» WHAT IS REQUIRED
From the data that follows, copy every line with the string "Corolla".

» DATA TO USE
#####
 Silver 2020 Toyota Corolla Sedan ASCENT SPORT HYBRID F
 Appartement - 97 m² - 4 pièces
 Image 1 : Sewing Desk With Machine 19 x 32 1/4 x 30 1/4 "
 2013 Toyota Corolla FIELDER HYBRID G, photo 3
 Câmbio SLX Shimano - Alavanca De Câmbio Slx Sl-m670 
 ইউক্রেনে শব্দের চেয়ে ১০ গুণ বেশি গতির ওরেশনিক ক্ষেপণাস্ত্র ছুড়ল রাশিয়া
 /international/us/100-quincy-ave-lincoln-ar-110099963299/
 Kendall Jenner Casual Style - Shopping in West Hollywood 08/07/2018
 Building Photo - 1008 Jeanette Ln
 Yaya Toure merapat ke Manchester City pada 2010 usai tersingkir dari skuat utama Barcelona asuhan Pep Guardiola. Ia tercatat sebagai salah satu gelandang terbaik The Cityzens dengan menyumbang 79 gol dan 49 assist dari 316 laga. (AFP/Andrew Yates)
#####
» OUTPUT FOR THIS EXERCISE
 Silver 2020 Toyota Corolla Sedan ASCENT SPORT HYBRID F
 2013 Toyota Corolla FIELDER HYBRID G, photo 3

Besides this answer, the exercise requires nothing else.